Re: draft-fielding-uri-rfc2396bis-03 from Tim Berners-Lee on 2003-06-19 (uri@w3.org from June 2003)

From: Tim Berners-Lee <timbl@w3.org>
Date: Wed, 18 Jun 2003 22:40:23 -0400
To: Martin Duerst <duerst@w3.org>
Cc: "Roy T. Fielding" <fielding@apache.org>, uri@w3.org
Message-Id: <602AE7B4-A1FF-11D7-AB7B-000393914268@w3.org>
We are talking about a canonicalization.  The choice of which
are escaped is fairly arbitrary.  I agree, the list which I took from 
the current
spec is not appropriate -   "." at least!

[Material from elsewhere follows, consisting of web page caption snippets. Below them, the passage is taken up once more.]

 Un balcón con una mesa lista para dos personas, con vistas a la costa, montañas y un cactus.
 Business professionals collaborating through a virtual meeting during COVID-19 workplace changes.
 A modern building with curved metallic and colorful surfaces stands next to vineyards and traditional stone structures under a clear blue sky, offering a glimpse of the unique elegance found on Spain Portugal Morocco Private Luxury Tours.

The choice is arbitrary.  We are talking about canonicalization,
which has not been defined before.
The choice is driven by the current set of things used
in URIs vs things used as delimiters.  Xpath has increased the former
significantly.  Originally there were many characters which were
not supposed to occur free in a URI (including the typical unix command
line characters) but now we have changed style to do the quoting
in the surrounding environment. So probably erring on the side of
unescaping in the canonical form is best.

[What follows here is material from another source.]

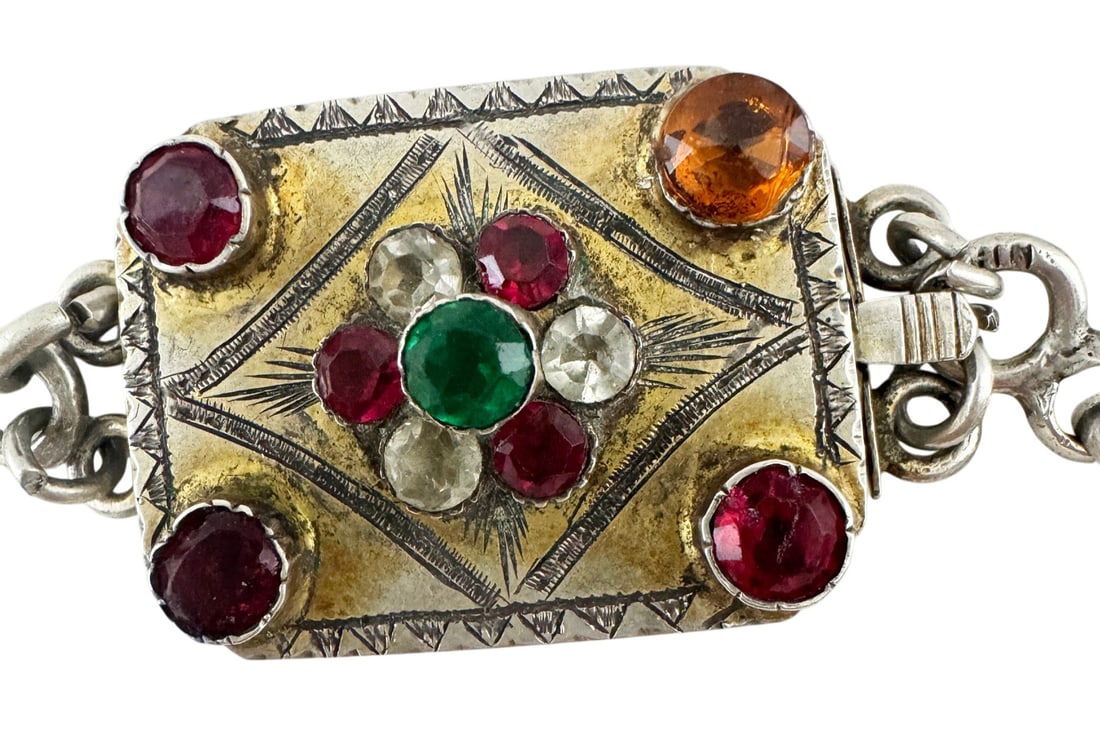 [Jewelry] Silver chain with a buckle decorated with rhinestones and engraving. - Russia, Baltic area: [Jewelry] Silver chain with a buckle decorated with rhinestones and engraving. - Russia, Baltic area (?), 1891. - Length: 108 cm. Weight: 238 g. Silver.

The main point is that we should define equivalence and 
canonnicalization
crisply, to give provable properties, and avoid "fear" etc.

Tim

On Wednesday, Jun 18, 2003, at 12:52 US/Eastern, Martin Duerst wrote:

> At 16:13 03/06/16 -0400, Tim Berners-Lee wrote:
>
>> 2.3 Unreserved characters para 2
>>
>> "fear of creating a conflict" and "counterproductive" are much too 
>> vague for a foundational spec.
>>
>> Replace
>>
>> "Therefore, unreserved characters should not be escaped unless the 
>> URI is being used in a context that does not allow the unescaped 
>> character to appear. URI normalization processes may unescape 
>> sequences in the ranges of ALPHA (%41-%5A and %61-%7A), DIGIT 
>> (%30-%39), hyphen (%2D), underscore (%5F), or tilde (%7E) without 
>> fear of creating a conflict, but unescaping the other mark characters 
>> is usually counterproductive."
>>
>> with:
>>
>> "URIs which differ only be the replacement of unreserved characters 
>> by the percent-encoded strings are equivalent: they identify the same 
>> resources.
>> For the purposes of canonicalisation, it is recommended that 
>> characters in ALPHA (%41-%5A and %61-%7A), DIGIT (%30-%39), hyphen 
>> (%2D), underscore (%5F), or tilde (%7E) be unescaped, but other 
>> characters in the mark set be escaped."
>>
>>
>> ___________________________________ That's all for now 
>> _________________
>
> Tim, are you trying to say that ".", "!", "*", "'", "(", and ")"
> should always be escaped? I haven't seen too many "!", "*", or "'",
> but recommending this for "." would be completely against current
> practice and would force us to use ugly stuff such as
> http://example.org/document%2Ehtml. Surely nobody would do that.
> And XPointers might look ugly, too.
>
> Also, it seems that you are saying that for these, escaped and
> unescaped are interchangeable, but the escaped form should be
> used because the unescaped form is dangerous. But what I understand
> Roy is trying to say in the current wording is that escaping or
> unescaping one of these is not guaranteed to produce the same
> thing.
>
> Also, I don't see a need to use the unescaped form for the characters
> above. As far as I am aware, they are part of the invariant set
> of the ISO 646 family (which the "~" is not), and they are also
> more available on keyboards than "~".
>
> When I read section 2.3, I noted that I would want to see more
> explanation about "counterproductive". I remember a test by Larry,
> where he found that %2e and %2E were correctly unescaped at least
> on http://www.w3.org, but there may be circumstances
> where this is not the case.
>
>
> Regards,    Martin.
>
> Regards,    Martin.
Received on Wednesday, 18 June 2003 22:40:29 UTC